In de oudheid de hoofdstad van Lydië (in westelijk Klein-Azië) en een centrum van de aanbidding van een Aziatische godin, die hetzij met Artemis of met Cybele in verband wordt gebracht. Sardes, dat ten Z van de rivier de Gediz lag (vroeger de Hermus), bevond zich ongeveer 50 km ten Z van Thyatira (thans Akhisar) en zo’n 75 km ten O van Smyrna (thans Izmir). De acropolis was gelegen op een bijna ontoegankelijke rots. Hoewel een bergketen de verbinding met gebieden in het Z beperkte, beheerste Sardes de oost-westhandelsroute. De nijverheid, de handel, de grote vruchtbaarheid van het omliggende land en de vervaardiging van wollen stoffen en tapijten droegen er in hoge mate toe bij dat Sardes een welvarende en belangrijke stad werd. Eens had Sardes misschien een bevolking van ongeveer 50.000 inwoners.

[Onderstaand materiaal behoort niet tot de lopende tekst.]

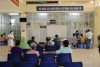 PHÂN CẤP GIẢI QUYẾT THỦ TỤC HÀNH CHÍNH TRONG KHÁM, CHỮA BỆNH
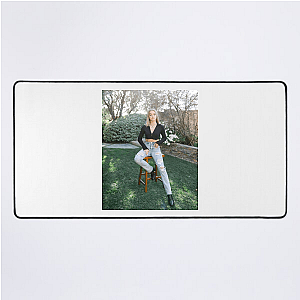 Emma Brooks My Favorite Influencer Emma Brooks Mouse Pads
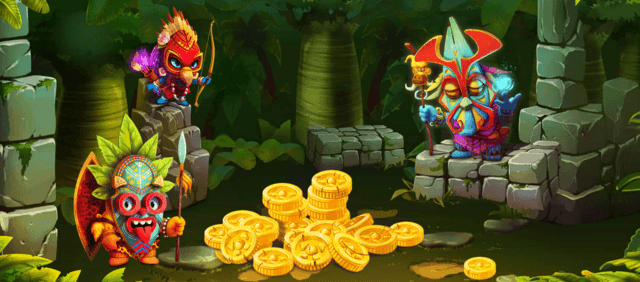 Πάροχοι παιχνιδιών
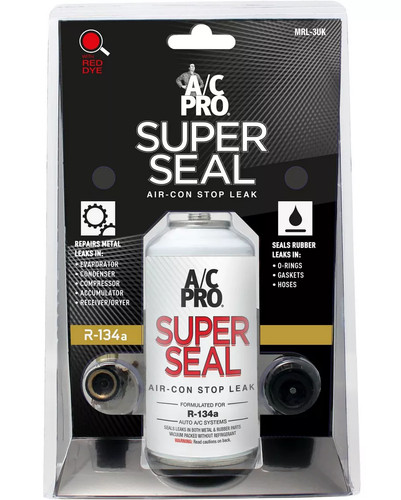Air conditioning r134a super - conditioning,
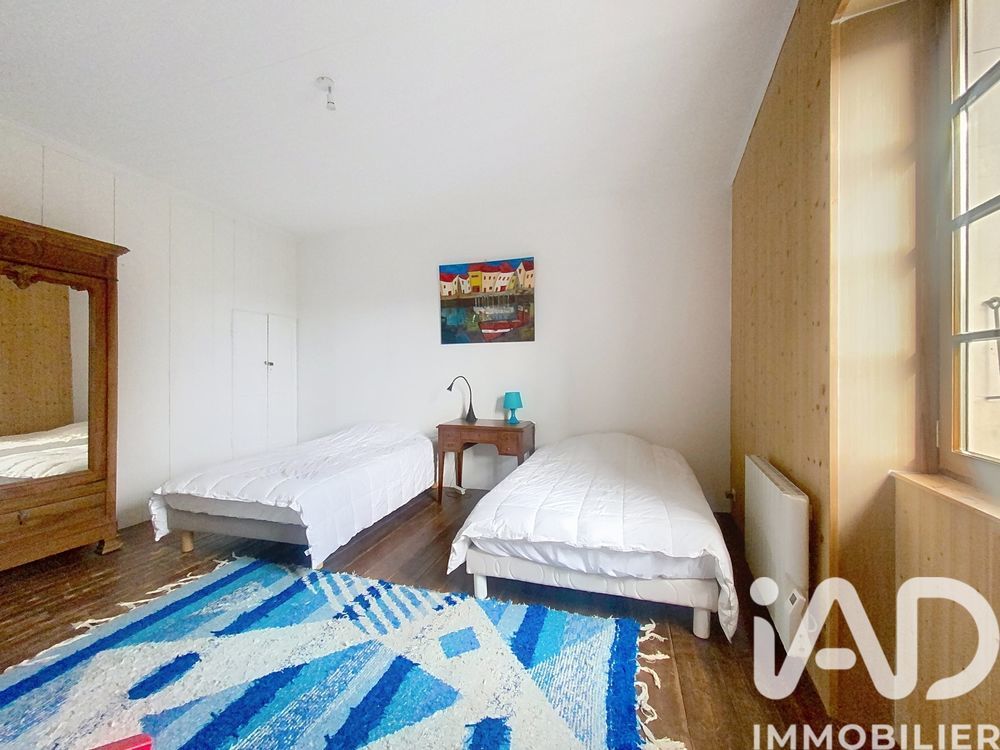 � vendre  Maison Le Bois-Plage-en-R� (17580)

In de 6de eeuw v.G.T. versloeg Cyrus de Grote de laatste Lydische koning, Croesus, en gedurende meer dan 200 jaar daarna diende Sardes als hoofdstad van het westelijke deel van het Perzische Rijk. In 334 v.G.T. gaf de stad zich zonder verzet over aan Alexander de Grote. Later kwam ze onder de heerschappij van Pergamum en daarna van Rome. In 17 G.T. maakte een grote aardbeving Sardes bijna met de grond gelijk, maar de stad werd met de edelmoedige hulp van Rome weer opgebouwd.
De joodse geschiedschrijver Josephus geeft te kennen dat er in de 1ste eeuw v.G.T. een grote joodse gemeenschap in Sardes was (De joodse oudheden, XIV, x, 24). In de tweede helft van de 1ste eeuw G.T. moest de christelijke gemeente die in Sardes was opgericht, geestelijk ’ontwaken’. Er waren echter ook personen met deze gemeente verbonden die ’hun bovenklederen niet hadden verontreinigd’. — Opb 3:1-6.
Tot de bekende ruïnes op de plaats waar het oude Sardes lag, behoren die van de tempel van de Efezische Artemis (of Cybele), een Romeins theater en stadion en een oude synagoge. — AFB.: Deel 2, blz. 946.